→ DATA SHOWN:
○ ○ ○ ○ ○

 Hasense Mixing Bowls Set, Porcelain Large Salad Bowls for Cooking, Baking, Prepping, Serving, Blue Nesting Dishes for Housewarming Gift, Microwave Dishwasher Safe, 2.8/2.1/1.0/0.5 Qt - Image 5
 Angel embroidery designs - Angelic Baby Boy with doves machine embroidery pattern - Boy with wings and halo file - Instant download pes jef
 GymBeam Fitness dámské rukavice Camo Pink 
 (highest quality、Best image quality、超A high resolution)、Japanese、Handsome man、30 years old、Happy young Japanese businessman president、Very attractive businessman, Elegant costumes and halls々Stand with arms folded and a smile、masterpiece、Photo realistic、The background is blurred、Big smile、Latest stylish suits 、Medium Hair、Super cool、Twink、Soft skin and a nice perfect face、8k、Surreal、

○ ○ ○ ○ ○

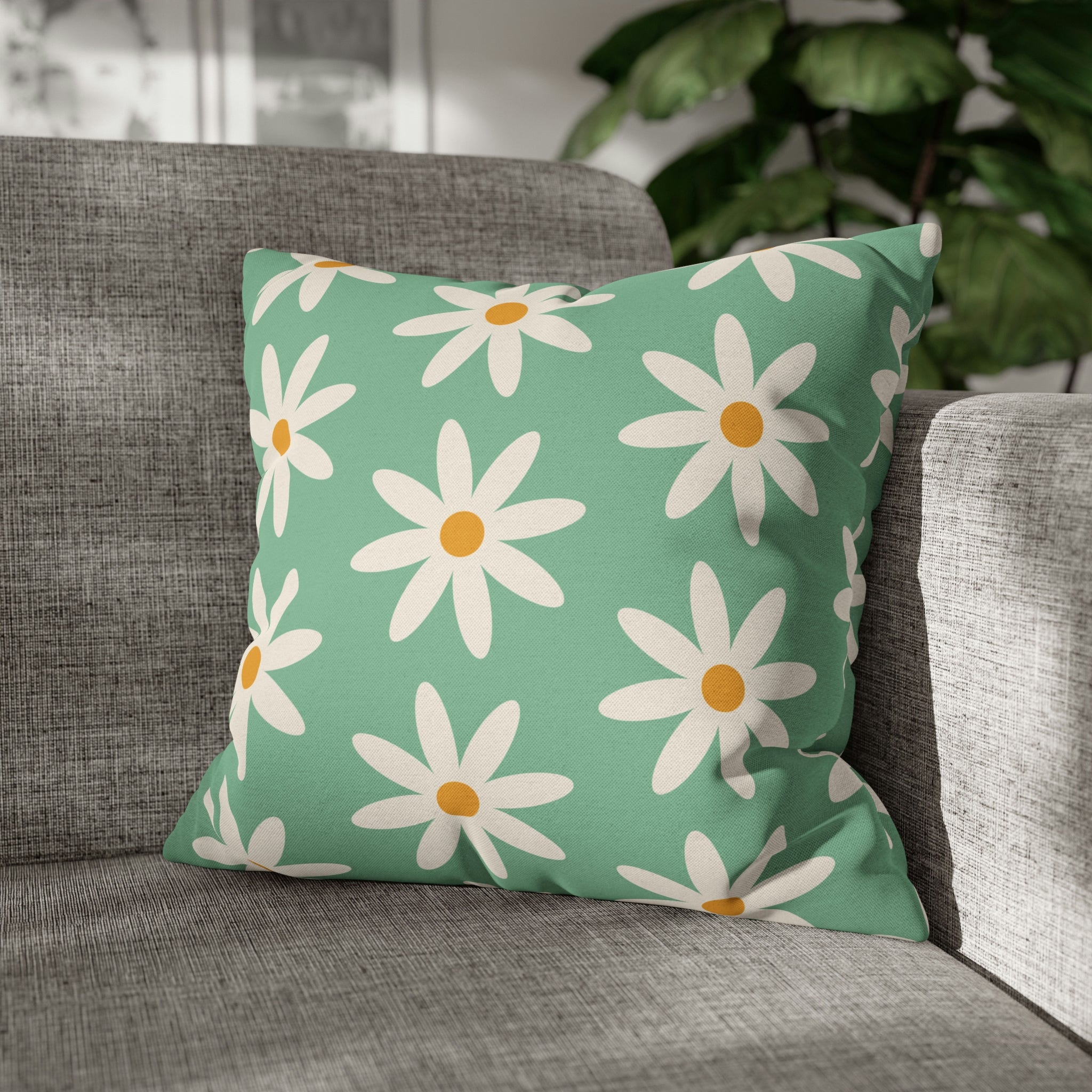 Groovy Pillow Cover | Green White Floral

○ ○ ○ ○ ○

Which lines in the records contain the word "with"? Copy each one.

→ SOLVED EXERCISE:
 Angel embroidery designs - Angelic Baby Boy with doves machine embroidery pattern - Boy with wings and halo file - Instant download pes jef
 (highest quality、Best image quality、超A high resolution)、Japanese、Handsome man、30 years old、Happy young Japanese businessman president、Very attractive businessman, Elegant costumes and halls々Stand with arms folded and a smile、masterpiece、Photo realistic、The background is blurred、Big smile、Latest stylish suits 、Medium Hair、Super cool、Twink、Soft skin and a nice perfect face、8k、Surreal、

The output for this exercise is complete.